WHAT IS BEING ASKED:
Using the records below, find every line that includes "type" and copy it.

RECORDS SHOWN:
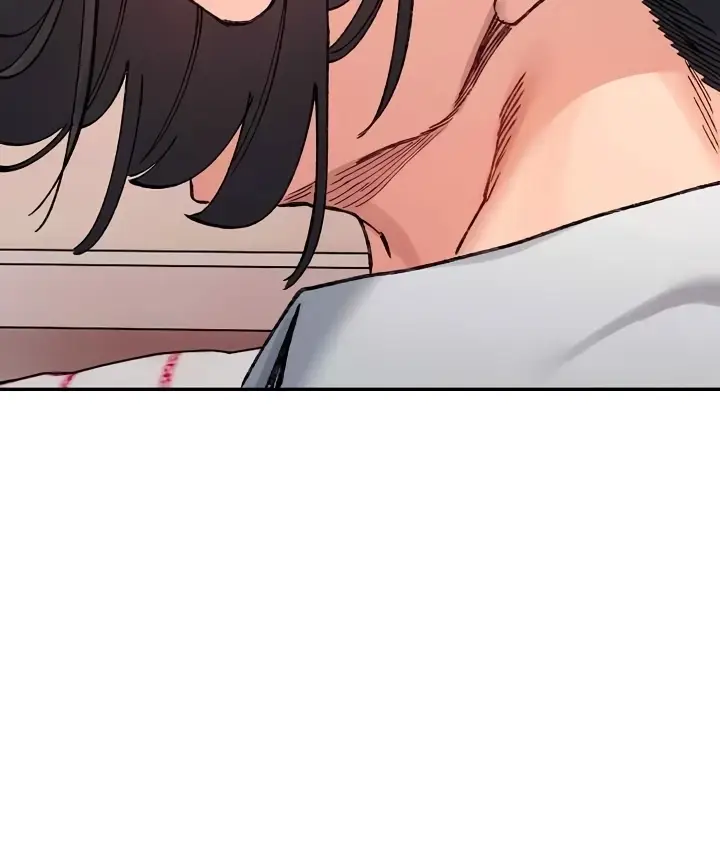 image-komik-a-delicate-relationship-chapter-36-73/132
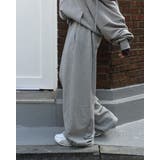 NEWリッツ スリットラインワイドトレーニングパンツ pt1490 | BEIDELLI | 詳細画像7 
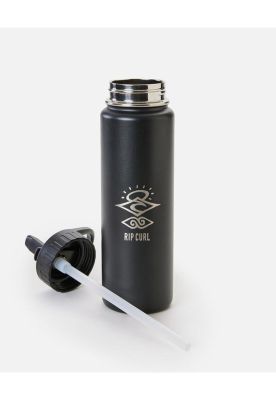 Imagen 2 del producto Botella Search Drink 710-Negro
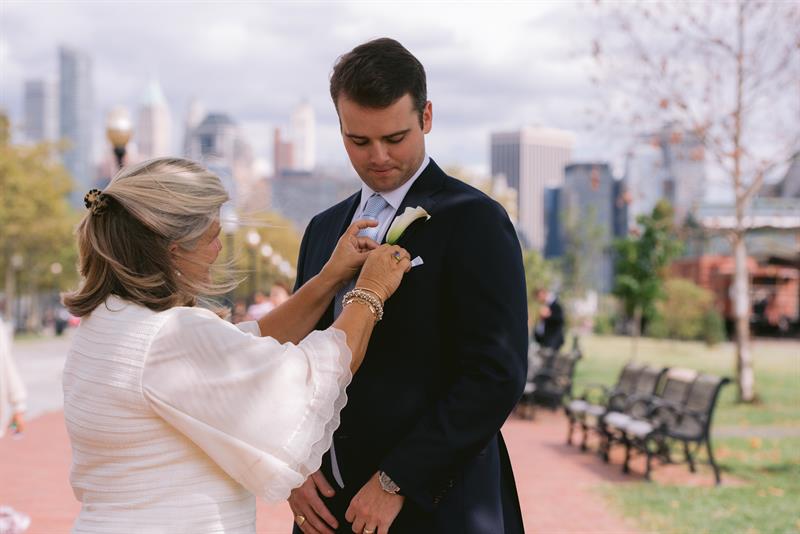 maritime-parc-jersey-city-nj-wedding-photography-oliver-victoria1446994.jpg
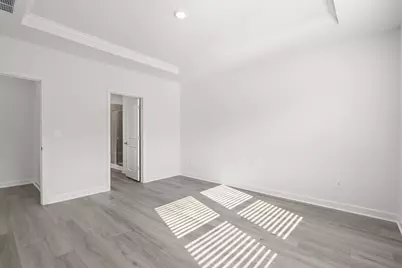 1024 Lauryn Oak Loop, Longs, SC 29568 - Photo 20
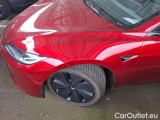  Tesla  Model 3 BEV 79KWH GRANDE AUTONOMIE 4WD AUTO #56
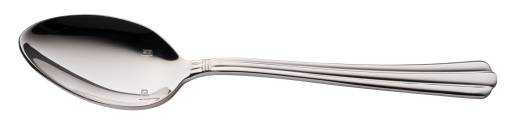 Byblos Dessert Spoon (x12)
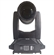 Đèn Beam 470W 21R Outdoor IP65 E-Lites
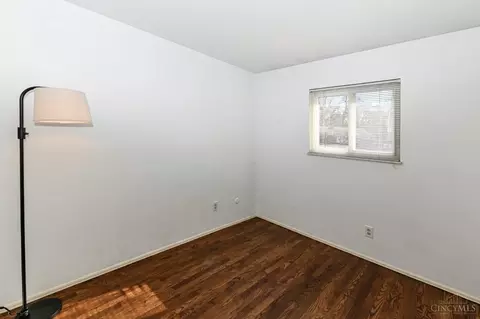 8543 Foxcroft Dr, Cincinnati, OH 45231 photo 19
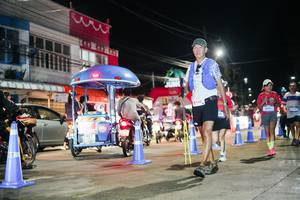 BIB: 
                            <button type="button" onclick="openModal(26388539)" class="btn btn-primary btn-sm float-right btn-popup" data-toggle="modal" data-target=".modal-high-quality">
                        <i class="fas fa-shopping-cart"></i> Add to Cart
                    </button>
                                            <button type="button" onclick="isThisMe(26388539, true)" class="btn btn-success btn-sm float-right btn-popup btn-isme hidden" data-toggle="tooltip" data-placement="bottom" title="นี่คือรูปของคุณใช่ไหม คลิกที่นี่เพื่อเอาเข้าอัลบั้ม">
                        <i class="fas fa-plus"></i> Add to album
                    </button>
                    <button type="button" onclick="isThisMe(26388539, false)" class="btn btn-warning btn-sm float-right btn-popup btn-isnotme hidden">
                        <i class="fas fa-ban"></i> Remove from album
                    </button>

EXERCISE SOLUTION:
                            <button type="button" onclick="openModal(26388539)" class="btn btn-primary btn-sm float-right btn-popup" data-toggle="modal" data-target=".modal-high-quality">
                                            <button type="button" onclick="isThisMe(26388539, true)" class="btn btn-success btn-sm float-right btn-popup btn-isme hidden" data-toggle="tooltip" data-placement="bottom" title="นี่คือรูปของคุณใช่ไหม คลิกที่นี่เพื่อเอาเข้าอัลบั้ม">
                    <button type="button" onclick="isThisMe(26388539, false)" class="btn btn-warning btn-sm float-right btn-popup btn-isnotme hidden">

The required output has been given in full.